Deciding when a distribution should be approximately normal

By now, you should have a good idea of when you should expect a distribution to be approximately normal as a result of the Central Limit Theorem. Recall the following rules of thumb that we have learned in class: Recall also that individual observations could have many different distributions (such as binomial, geometric, Poisson, exponential, uniform, or normal). If we make a histogram of data that come from, say, an exponential distribution, then the histogram will show an exponential shape, not a normal distribution, regardless of how many observations there are. Only averages (and therefore sums) of large numbers of observations are guaranteed to have approximately a normal distribution by the Central Limit Theorem.

For each of the questions below, a histogram is described. Indicate in each case whether you think the histogram should look like approximately a bell-shaped (normal) curve, and give a brief explanation why (one sentence is probably sufficient). There are no data for these questions, so you will not need to use the computer to answer these questions.
  1. A police department records the number of 911 calls made each day of the year, and the 365 values are plotted in a histogram.

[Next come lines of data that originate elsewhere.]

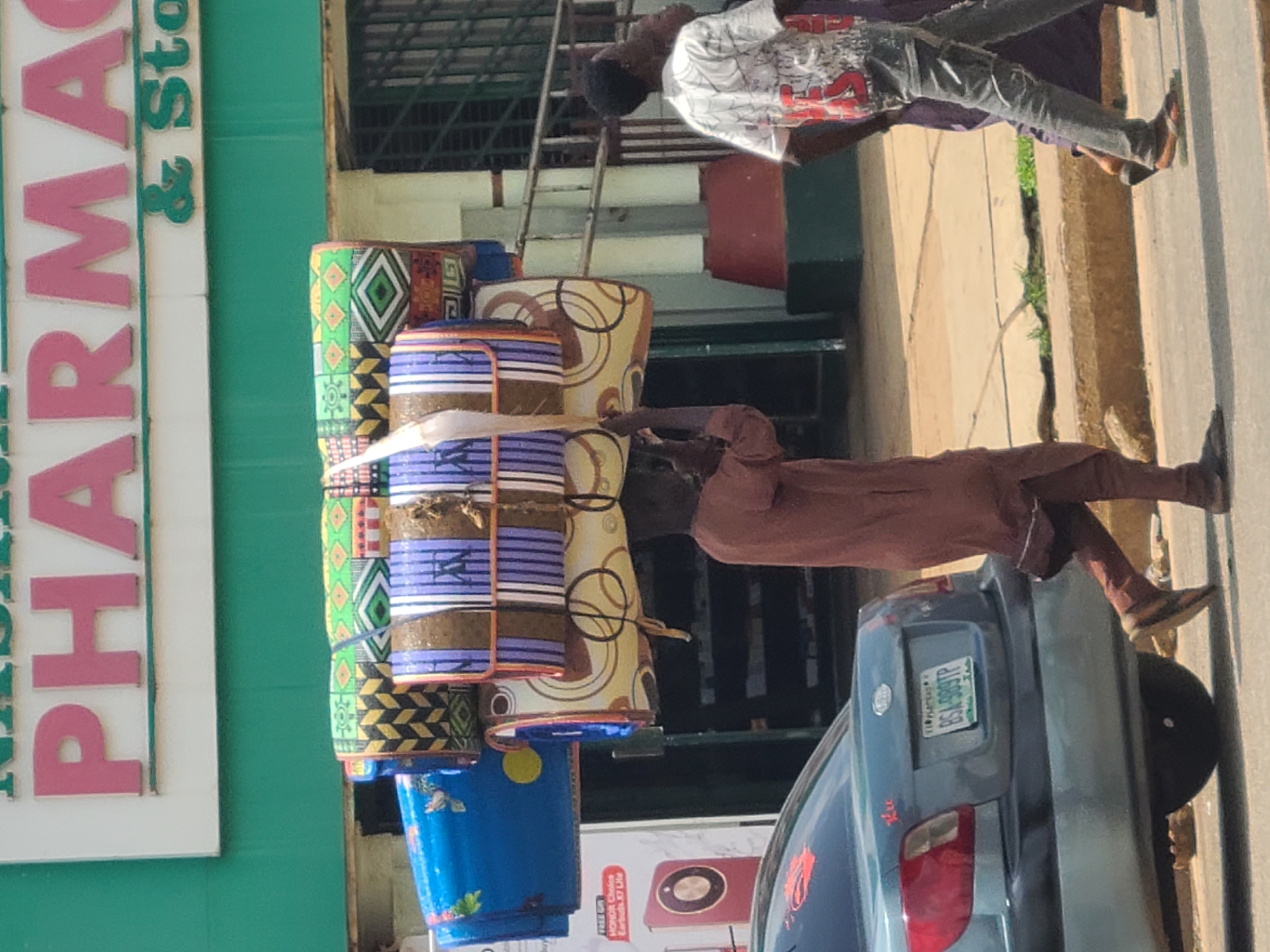In Jos, Nigeria, a man with dark skin and wearing a brown robe walks carrying a large bundle of rolled-up mats on his head. The mats are colorful, with geometric patterns in green, white, yellow, and purple. To the left of the man, a blue bucket-like object is visible. Behind the man, another person in a white t-shirt with red and black graphics and grey pants is walking, followed by another person partially obscured. A light blue car with a license plate reading "BS4-989TP" is parked on the left side of the street. A building with green and white signage is visible in the background, with the word "PHARMACY" in large pink letters. The scene appears to be on a street in a commercial area.
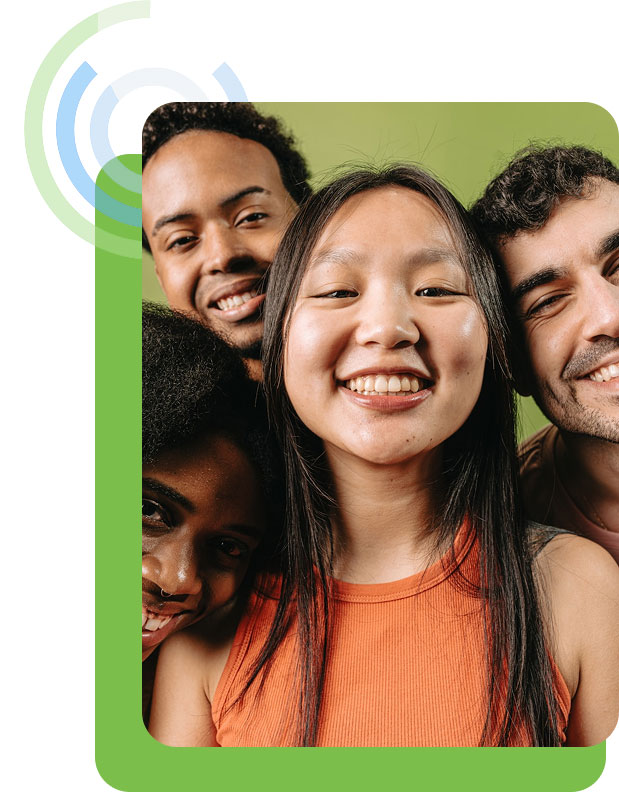 Group of young adults smiling together for a close-up photo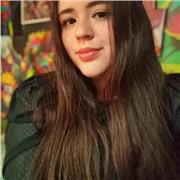 Profesora de Español que le enseña a niños, jóvenes y adultos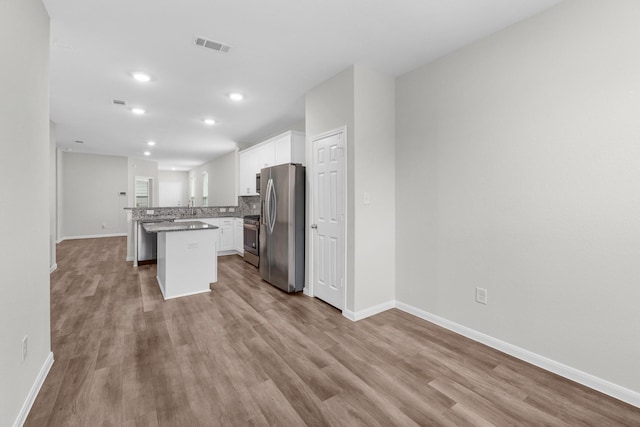 kitchen with a center island, light wood-type flooring, kitchen peninsula, stainless steel appliances, and white cabinets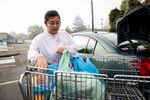 A person loads their car with a donation from a food bank.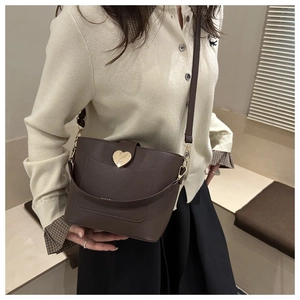 Détail du sac seau en cuir litchi marron foncé avec boucle en métal doré en forme de cœur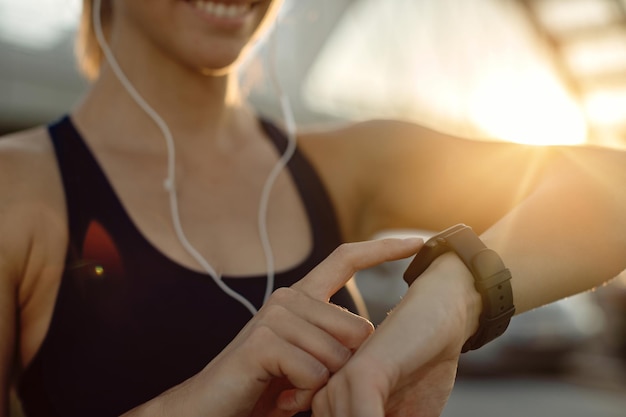 Nahaufnahme einer sportlichen Frau mit Fitness-Tracker bei Sonnenuntergang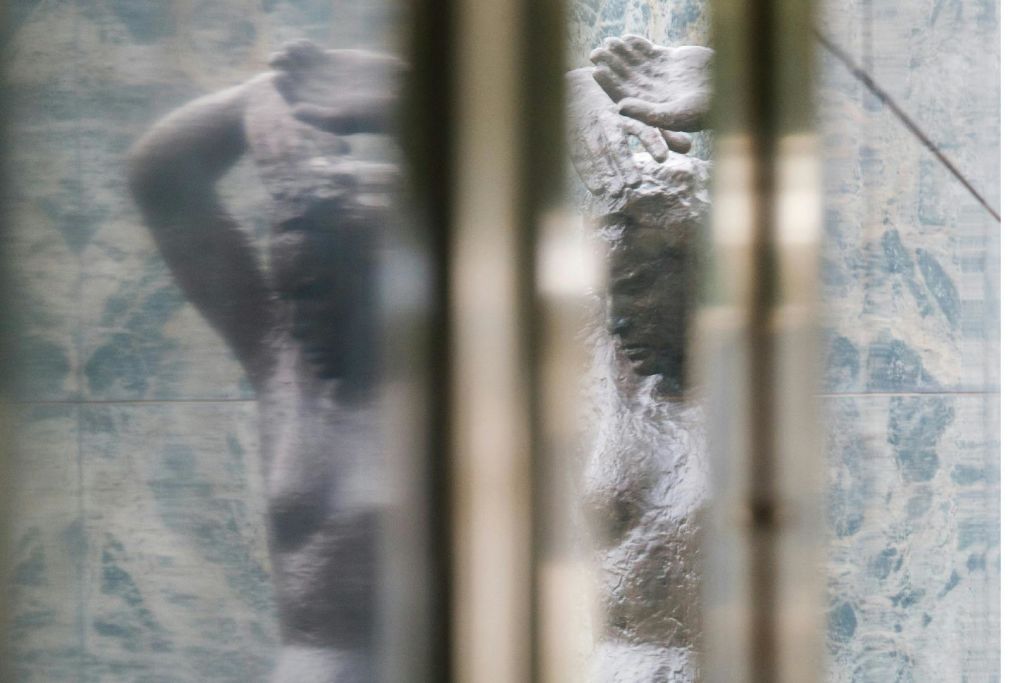반사되고 왜곡된 표면을 통해 보이는 팔을 들어 올린 사람의 동상이 흐릿하게 보입니다.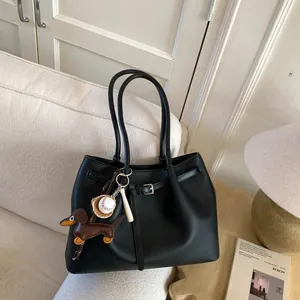 Detalle de bolso tote de cuero negro con colgantes de teckel y béisbol sobre un sofá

  2. The day before an election, fifty different polling organizations each sample 500 people and record the percentage who say they will vote for the Democratic candidate. The 50 values are plotted in a histogram.

  3. The fifty polling organizations also record the average age of the 500 people in their sample, and the 50 averages are plotted in a histogram.

  4. One hundred batteries are tested, and the lifetimes of the batteries are plotted in a histogram.

  5. Two hundred students in a statistics class each flip a coin 50 times and record the number of heads. The numbers of heads are plotted in a histogram.

  6. Two hundred students in a statistics each roll a die 40 times and record the sum of the numbers they got on the 40 rolls. They make a histogram of the 200 sums.

  7. One thousand randomly chosen people report their annual salaries, and these salaries are plotted in a histogram.